I think the high point in postseason baseball coverage was 2007, when Dane Cook lent his legendary enunciation skills to the immortal phrase, “There’s only one October.” During the Red Sox-Angels series that year, I took up ESPN columnist Bill Simmons’ drinking game challenge to take a shot every time the commercial featuring an overly excited Mr. Cook played. I ended up passing out in my dorm’s common bathroom with the door locked, twice resisting my friends’ attempts to crawl under the stall and help me out. This is a testament to the dangerous power of October.
For me, the 2009 postseason began when I tuned in a few minutes before the first pitch of the Yankees-Twins series just in time to catch Ron Darling and Chip Caray send things over to field/courtside/sideline reporter and dashing-man-about-town Craig Sager. Sager, I assume, had just come out of one of the new Yankee Stadium’s several cantilevered ballroom staircases, and was standing on a deck overlooking the field. Was he going to mention the Twins’ poor postseason record against the Yanks? Joe Mauer’s inspiring story of playing for the team he once cheered for as a kid?

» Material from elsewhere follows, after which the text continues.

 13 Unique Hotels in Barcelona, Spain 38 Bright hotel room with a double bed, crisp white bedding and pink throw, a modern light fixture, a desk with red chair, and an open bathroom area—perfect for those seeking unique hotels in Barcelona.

As I watched, astonished, he launched—no joke—into an explanation of the prevalent weather patterns in Maine and southern Canada, including the low pressure system that was being funneled down the Hudson River Valley directly into the South Bronx. Sager then admitted that this would probably have little effect on the play down on the field, but that up in the bleachers, there was a mild breeze. I rushed to Weather.com to corroborate.
As far as I know, this was the only meteorological digression on the part of the TBS team, but it is indicative of a larger trend in televised sports in general and baseball specifically: information saturation. If you watch enough baseball, you start to think that every game has a record-setting moment of some sort, whether it’s Dustin Pedroia hitting the longest home run ever for a legal midget, or Peter Moylan passing Grant Balfour on the list of all-time strikeout leaders among Australian relief pitchers. It’s as if the people who produce baseball games think we’re bored and need Joe Buck and Tim McCarver to nervously drown out the silence.

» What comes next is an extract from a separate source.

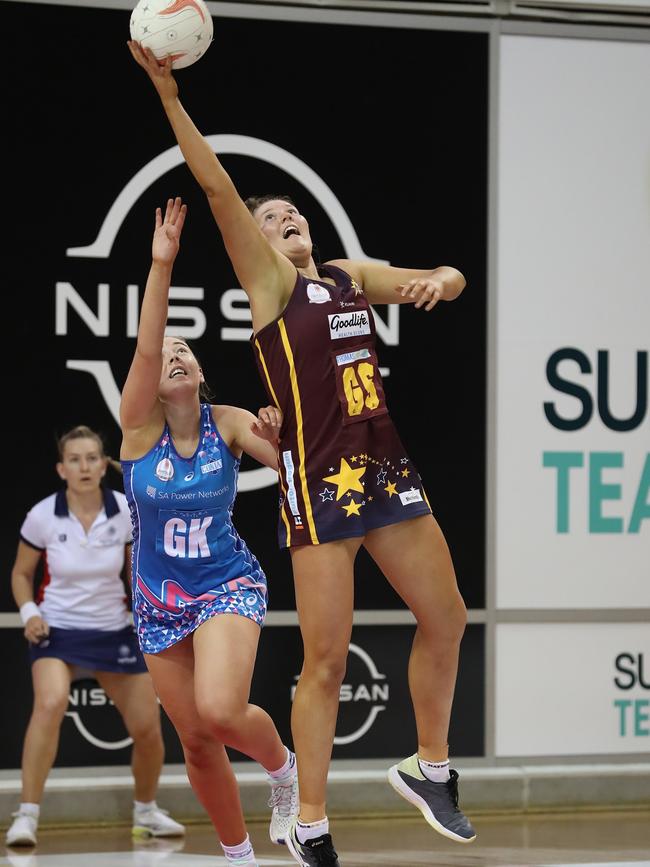 Austin wins the ball over Contax’s Molly Watson in the 2020 Premier League grand final. She was named MVP for the match. Picture: Richard Keane, Sports in Focus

I think the turning point came with the introduction of the little fake field that allows ESPN analysts to get up and demonstrate just how they would pitch to Hanley Ramirez if they were still in the game, and not washed-up alcoholics living off the success of one perfect game, sandwiched in between twenty years of mostly mediocre pitching. There’s a reason baseball analysts sit behind a desk—and it’s so we don’t have to see John Kruk’s waistline. (Although I have to admit watching Keyshawn Johnson manipulate hologram linemen across a mini-Astroturf field makes me happy to be alive during the digital age.)
Of course, all of this is moot, because the weather pattern that supplied A-Rod’s balls with enough juice to get out of the stadium in the Bronx apparently moved north and shriveled Jonathon Papelbon’s nuts with one out to play. There’s only one October, and for me it ended all too soon.